I believe Barack Obama becomes more beatable every day, though he should probably still be favored in 2012 at this point. Republicans are making up ground, and the slate of candidates is getting plenty of exposure. So far, so good. Then we get to the debate the other night, and this question:
“Democrats will demand that savings come from a combination of spending cuts and tax increases, maybe $3 in cuts for every $1 in higher taxes,” York noted. “Is there any ratio of cuts to taxes that you would accept? Three to one? Four to one? Or even 10 to one?”
Every active Republican Presidential candidate save Rick Perry--who will almost certainly be asked this question immediately--is on the record as saying there were no formula in which they would support raising revenue/taxes. Want to hear how I would answer that question?

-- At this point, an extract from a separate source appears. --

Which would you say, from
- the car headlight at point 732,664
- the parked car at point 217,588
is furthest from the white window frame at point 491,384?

"Byron, of course I would take that deal. And you know what? So would every other person standing on this stage--if they were the occupant of the White House. Those who say they wouldn't are either lying outright or are not ready to be President. Do you realize what this deal would mean? It means you could balance the budget NEXT YEAR. Not ten years down the road after we've piled up another couple of trillion in debt--but NEXT YEAR. It means that in the course of one year, we could deprive the federal government of substantial portion of the drain it represents on private activity and free markets--unleashing the real and raw power of both. I honestly don't care if the answer to this question means the end of my candidacy. I'm not going to lie to my Party, and I'm not going to treat the Republican electorate like children from whom I withhold bad news. So yes--I would take the deal."

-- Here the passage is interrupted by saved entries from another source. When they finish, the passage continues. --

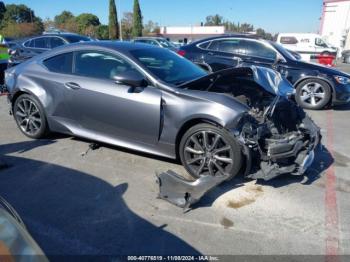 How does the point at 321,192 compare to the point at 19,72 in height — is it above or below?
below

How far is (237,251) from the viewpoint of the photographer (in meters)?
2.79

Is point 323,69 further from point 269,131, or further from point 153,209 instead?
point 153,209

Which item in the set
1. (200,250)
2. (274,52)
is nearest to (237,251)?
(200,250)

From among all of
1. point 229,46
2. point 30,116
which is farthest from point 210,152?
point 229,46

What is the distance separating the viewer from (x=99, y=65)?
4602 mm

What is AMAZING to me is that all eight of them thought that their chances of being nominated were good enough that they didn't need to (or shouldn't) differentiate themselves from the others on this question. Some would say that is a sign of how strongly held the notion of no taxes is within the Republican Party. Perhaps. But I would suggest that it also bespeaks a certain level of "tell the primary voters what they want to hear and then tack back to the center in the general election" tactics. I don't think that's what voters want anymore. I think they want leadership.